Other viewers have them, so why don’t we? Why would a developer purposefully avoid such useful features–ones that users clearly want?

The answer is something of a mixed bag, and to get into it I’ll first have to explain a little bit about licensing and how licensing works. If you already know this stuff, please bear with me as I’ll get to my point soon.

As many of you know, Imprudence is licensed under the GPLv2. The GPL stands for the GNU Public License, and it’s open nature is what allows us to easily share code with you and incorporate code from others in turn. We can’t do whatever we want with our code, though. The GPL has certain restrictions:

  • You cannot change the license of GPL code (unless you are the original author or hold copyright). When we get a patch submission, the author must license their code as GPLv2 in order for it to be compatible.
  • You may not distribute works based on GPL code that violate any part of the GPL itself. Doing so leaves you open to legal action.
You might say, so what’s the problem exactly? Imprudence is opensource. Second Life is opensource. Why can’t they work together? Here’s where the restrictions of the GPL come in: a bit over a year ago, Linden Lab decided to change the license for the Second Life viewer from GPL to LGPL–a similar-sounding but very different license. This put a massive hurdle in the way of anyone who wanted to backport a feature from the Second Life viewer.

For example, say someone submits an LGPL-licensed patch to Imprudence.

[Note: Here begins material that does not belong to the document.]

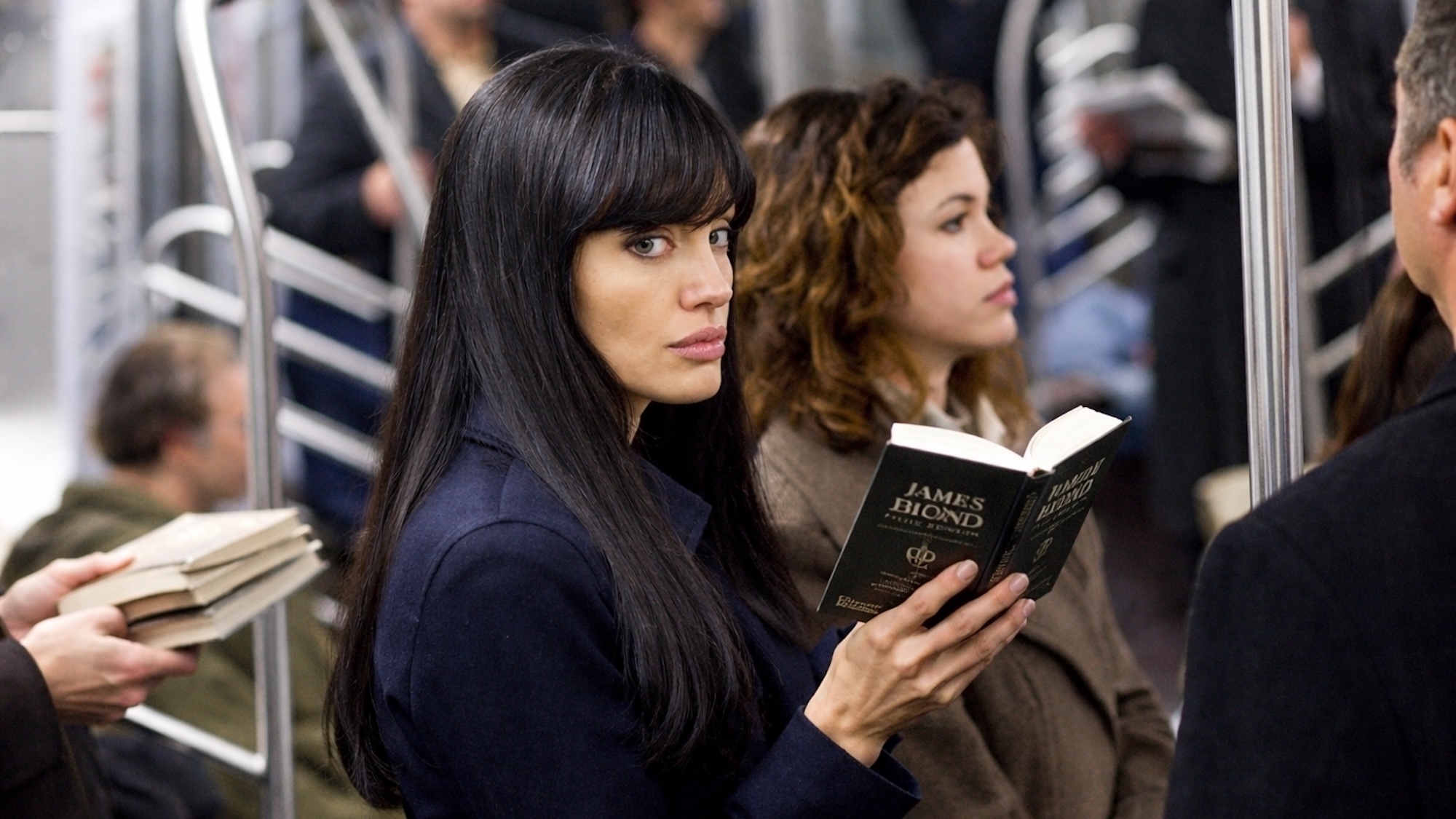 500-livres-distribues-gratuitement-metro-tram-lyon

While the GPL and LGPL are considered “compatible” licenses in that they work together well, we don’t own the copyright on the LGPL code submitted to us. Thus, we cannot change the license of that source. Whatever code was licensed as LGPL must stay LGPL forever in order for us to comply, and that distinction must always be made clear wherever that code is used.

This might not sound like much of a hurdle (and at times it isn’t–we switched over to the LGPL version of our quicktime plugin ages ago) but consider the Inventory Links patch that’s currently in most other viewers. It contains ~43K lines of code, and is made up of an unknown mixture of GPL viewer 1 code and LGPL viewer 2 code. The two licenses are not made distinct, so the patch is clearly a violation. There’s no way we could legally use it as is.

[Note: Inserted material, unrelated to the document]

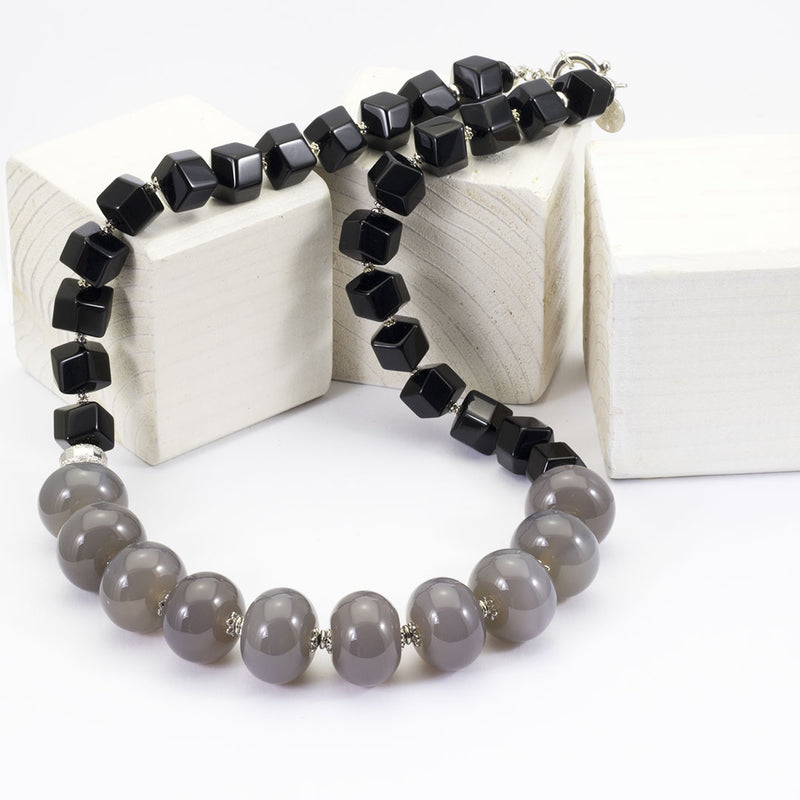 collana pietre dure e argento 925 rodiato con onice nero e grigio - via condotti store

But, if we could figure out which lines are compatible with Viewer 1 and which ones are compatible with Viewer 2, we could add the appropriate licensing and include the patch. Needless to say, this has felt like a daunting task to us, especially when we’ve been more focused on bug fixes and finalizing 1.4.0 (if you’re using 1.4 and aren’t on beta 2, I strongly recommend upgrading). But, these are features you guys need. We want to include them.

My plan is to start looking at these patches one by one and sorting out which lines we can use and which lines need refactoring. As I mentioned in a comment on the beta 2 post, any volunteers who can help us with this process are welcome. Codie and I will be starting on this later tonight, and we’ll see how far we get. If you’d like to join us, please email me at mccabe@kokuaviewer.org and I’ll tell you what you can do.

You might find yourself asking, why go through so much effort for something like a little licensing issue? Why be so concerned about it when other viewers aren’t?

Our answer to that question has always been–almost from the project’s inception–that while sometimes doing things the right way isn’t easy, these concerns are important enough. It’s thanks to licenses like the GPL, and the rules that accompany it, that opensource software has matured to the level it has. Because of free and open software, we had the ability to create Imprudence (and later Kokua) in the first place. We feel an obligation to respect that.

Anyway, I hope this clarifies for people where we’re coming from, and why Imprudence development’s been different.